Mon deuxième point, plus important encore, c'est que le Canada est dans cette situation parce que c'est ce que veut la population canadienne. Elle ne comprend pas les enjeux de sa propre sécurité nationale, elle ne comprend pas la notion de défense.

Quand je parle de la population canadienne, cela comprend également les parlementaires. Il n'y a que trop peu de députés qui jouissent d'une expérience militaire appréciable et qui permettent à leurs concitoyens d'en bénéficier.

Lorsqu'il est question de dire aux Canadiens des choses qu'ils devraient savoir, le gouvernement fait preuve d'un sens médiocre du leadership. Je crois que la plupart des porte-parole militaires, moi y compris, utilisent un jargon qui échappe à la plupart des jeunes. Lorsque nous utilisons des termes comme « apte au combat » ou « armes gagnantes », on ne nous comprend pas. Par conséquent, lorsque nous fournissons directement des conseils à la population canadienne, ou par l'entremise des parlementaires, ces conseils ne sont pas entendus.
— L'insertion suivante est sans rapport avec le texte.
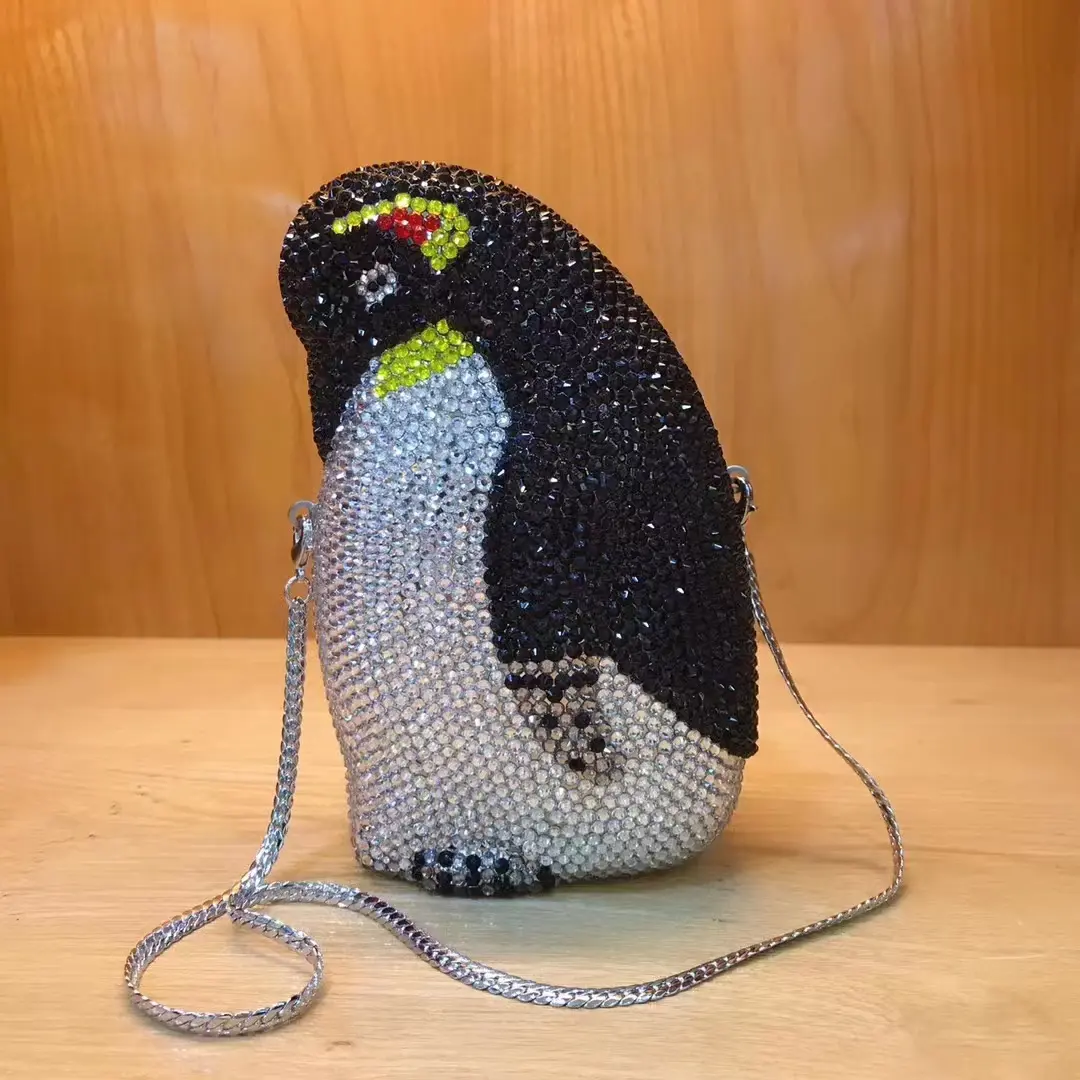 6 COLORS Full Diamond Lady Penguin Party Purse For Wedding Bridal Crystal Clutch Bag Luxury Women Rhinestone Mini Minaudiere Bag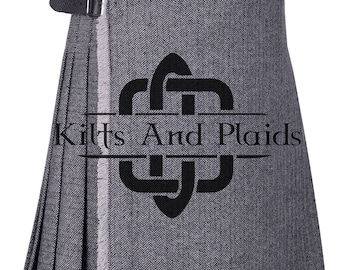 Premium Hand Stitched - English Gray Tweed 8 Yard Kilt for Men - Scottish Traditional Tweed Kilt - 16 Oz Heavy Made to Order Kilt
Je crois qu'il faudrait, à Ottawa, élaborer une trousse d'information — ou une trousse d'information ouverte, si vous me permettez l'expression — à l'intention de tous les parlementaires. Cette trousse pourrait expliquer les règles fondamentales auxquelles un pays est tenu de se plier, définir la notion de souveraineté, et expliquer toute l'importance de la sécurité nationale et de la défense nationale.

Lorsque nous aurons réglé tout cela, nous pourrons nous interroger sur le minuscule rôle que jouent les forces armées à l'égard de cette grande question. Ce n'est qu'à ce moment-là que nous pourrons déterminer si nos forces armées sont structurées ou financées de façon appropriée. Toutefois, puisqu'il faut se charger d'abord de ces autres aspects, il est très difficile, au Canada, d'en arriver à cette question.

Le sénateur Munson : Je ne crois pas que nous soyons aussi optimistes que vous en ce qui concerne la tenue imminente d'un examen de la défense. L'information que nous recevons ne nous laisse pas croire qu'un tel examen aura lieu aussitôt que vous le croyez.

Je suis curieux de connaître votre opinion, compte tenu de vos liens avec la Conférence des associations de défense. Si le Canada s'était engagé dans l'initiative de défense contre les missiles antibalistiques, quelles auraient été les retombées pour les Canadiens, en ce qui concerne les contrats et ce genre de chose? Y aurait-il un avantage économique pour notre pays?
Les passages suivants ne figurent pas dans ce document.